I agree with the observation that "early" isn't everything, and I'm not sure that it's truly meaningful if milestones are more-or-less on time. I think it's a lot more about atypical development (skipping or inverting milestones) and really astonishing acceleration (you know, the kind where you rationalize away what seems impossible by any means possible).

One strikingly illustrative example of 'early isn't indicative' is a comparison with a nearly perfectly matched child my DD's age (literally-- B-days same week, both with two-PhD parents, both only children, similar in appearance). Both girls were highly verbal and played well together (not parallel) at age 2, when they were in daycare together. If anything, her vocabulary far outstripped DD's. They were apart for several years (academic nomadism) and next met when they were about six. It was shocking how... ordinary (?) this other child seemed by comparison to my DD. My DH also remarked on it, and he's not one to do that. His question was; "Huh. What happened??" I mean, she was still the same lovely child, but she seemed comparatively so--so-- placid and incurious. It was as though her development had plateaued, whereas DD's had taken off exponentially. So her verbal precosity wasn't really significant, though at 2, it would have led to speculation that both were MG+, and the other girl likely PG. We know them still; the difference is staggering now that both girls are adolescents. The other child is a pretty typical middle schooler, and DD is, well-- not, and I can't even imagine it. So no, 'early' isn't 'gifted' necessarily.

It's not about the snapshots, it's about the trajectory.
It's that velcro-brain and avid/obsessive interest in the world at large that comes to mind when I think about DD being so very different. Many of her early daycare carers were quietly agog, but we figured that they probably were 'flattering' to most children, and didn't think that much of it.

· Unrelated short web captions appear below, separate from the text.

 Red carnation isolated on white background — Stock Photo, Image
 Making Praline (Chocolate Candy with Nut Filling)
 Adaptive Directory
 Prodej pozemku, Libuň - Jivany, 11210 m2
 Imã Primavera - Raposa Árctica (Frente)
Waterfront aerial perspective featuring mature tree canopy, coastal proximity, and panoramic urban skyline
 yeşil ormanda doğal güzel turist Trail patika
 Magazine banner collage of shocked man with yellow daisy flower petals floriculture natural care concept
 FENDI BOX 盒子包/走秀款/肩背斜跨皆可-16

Some of the most striking things about her earliest development was that she had a keen sense of self at a very young age. She was also just so weirdly observant of everything ALL.THE.TIME, and eerily empathetic and socially astute (this was the thing that inspired AWE in carers, to the point that a few of them recall her VERY well even over a decade later). She seemed to understand that other children (<2yo) didn't have the communication skills or cognitive awareness to exert self-control or experience true empathy, so it was as though she needed to compensate for any other peer she was engaged with. She shrugged off antisocial behavior in peers (though she had her own ways of casually, passively resisting being run over by them-- and she did this with grace and seemingly no effort at all). Eerily 'knowing,' really.

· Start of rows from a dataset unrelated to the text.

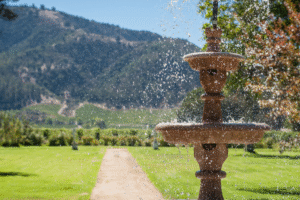 Projekt bez nazwy 2023 09 07T101716 381 300x200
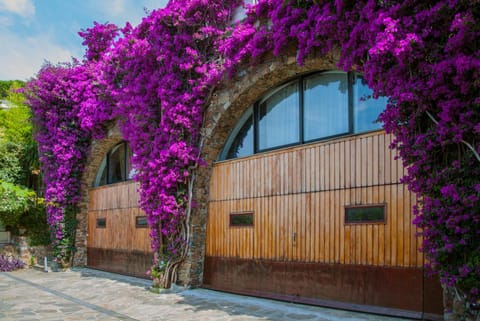 Property building, Inner courtyard view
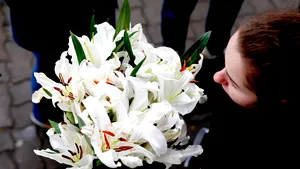 MESAJE DE 8 MARTIE 2019. SMS-uri cu urări de Ziua Femeii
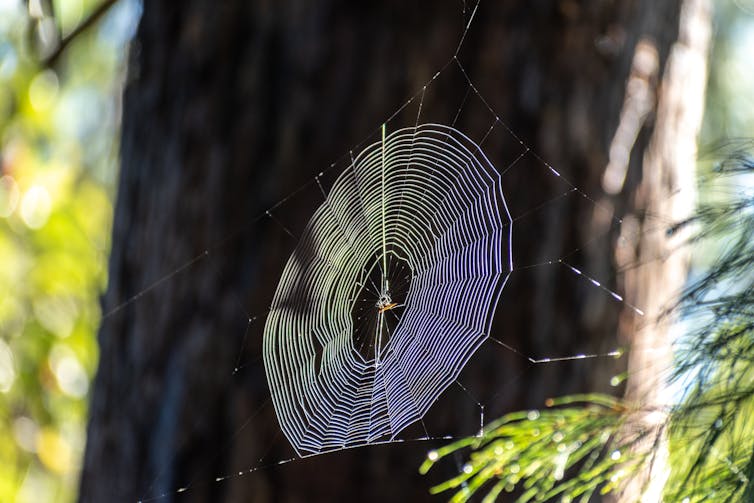 spider in web in front of tree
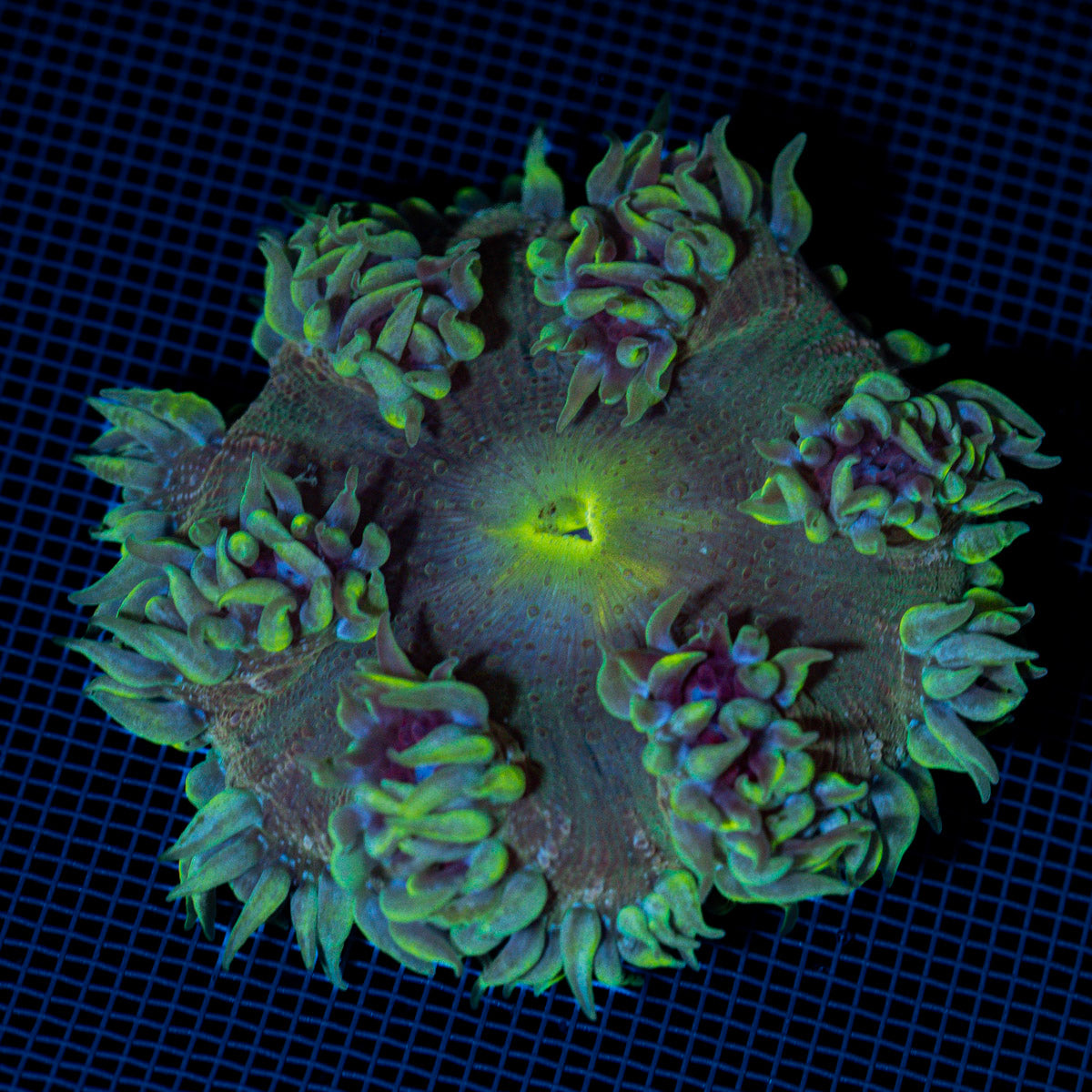 Rock Flower Anemone with colorful oral disc in reef aquarium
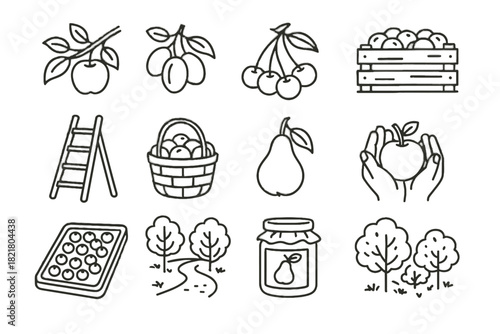 Vector fruit branch icon picking plum cluster mat orchard wild tree icons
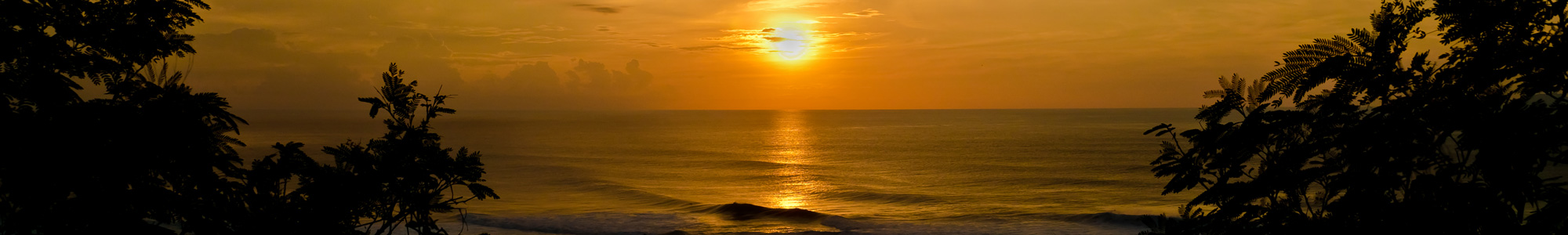 Puerto Rico Surf Camp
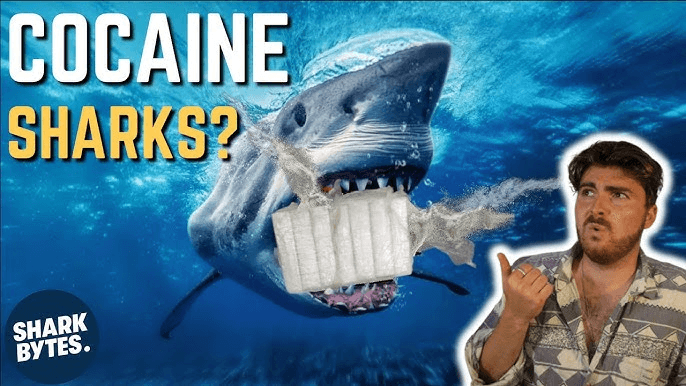 Cocaine sharks?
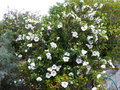 vignette Cistus Aguilari maculata ax grandes fleurs de 10à 11cm au 20 04 20
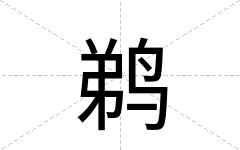 鹈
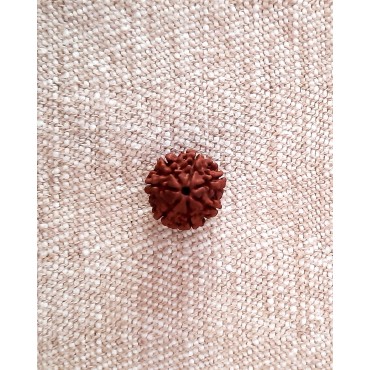 Rudraksha Bead - 7 Mukhi (17-18mm)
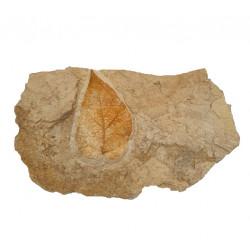Ulmus sp.
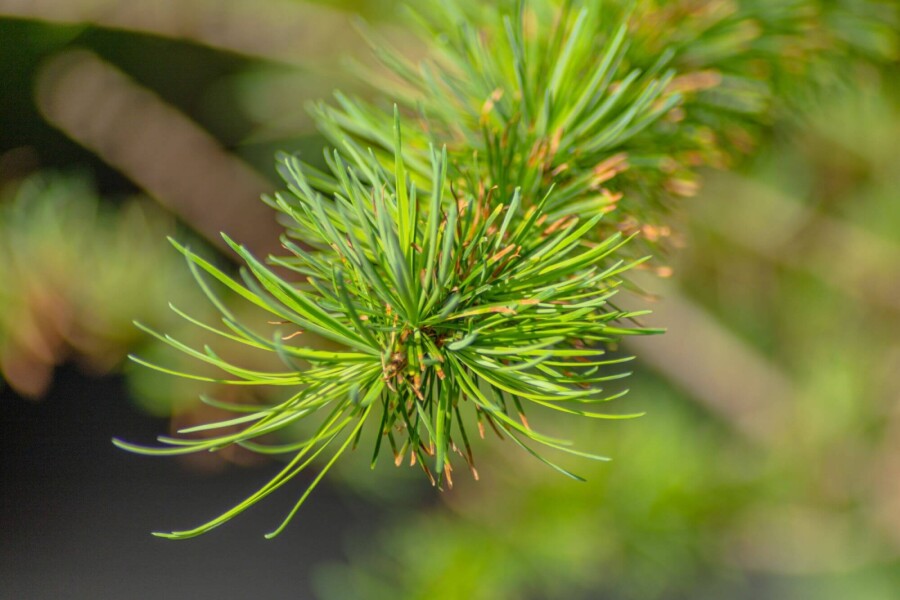Larix kaempferi HO 8/10 P/K Larix kaempferi Hochstamm 8/10
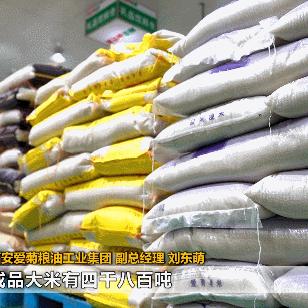 西安欣桥蔬菜行情最新价格概览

One more early thing that was downright bizarre. When my DD was not quite two, a new infant (just 12mo) entered her daycare. His home was Spanish-speaking, and none of the adults at the daycare were bilingual. He was a very sensitive little boy-- who was highly distressed, and cried and cried his first weeks in the new setting. One of the carers told me his background in passing on the first morning; apparently DD understood that or at least worked it out from what she'd overheard.

DD was obviously very concerned about his obvious distress, and gravitated toward him. The next day, she wanted to learn "some Spanish." I thought this was innocent enough and taught her how to say hello. A day later, she wanted to know what else I knew. Why? She needed to "learn real Spanish." Why? This other child just didn't know any English and she wanted to help him. Oh, and that it made the caregivers and other children less tense, too, because he wasn't crying all the time now that she talked to him in Spanish. She needed to know more than "Hola" and how to count to ten. When I wondered where she had learned the numbers, the answer was a casual "Oh, Sesame Street yesterday afternoon because Rosita speaks Spanish sometimes."

"I need to know more, mama. I can't just count and say hello to him all day long. He's going to know that I can't understand what he says back. Besides, 'hola. hola. hola.' It's silly."

The initial foray was evidently an experiment to determine if the child's distress was solely because of the language barrier. She was quite concerned that this was her responsibility since nobody else was stepping up to the plate.

There were a handful of those unsettling moments with DD as a baby, toddler, and preschooler-- most of them didn't really register as unusual for her, so some of them I haven't really thought about in years and I certainly didn't annotate them anywhere at the time. Looking back on them, I'm amazed.



Schrödinger's cat walks into a bar. And doesn't.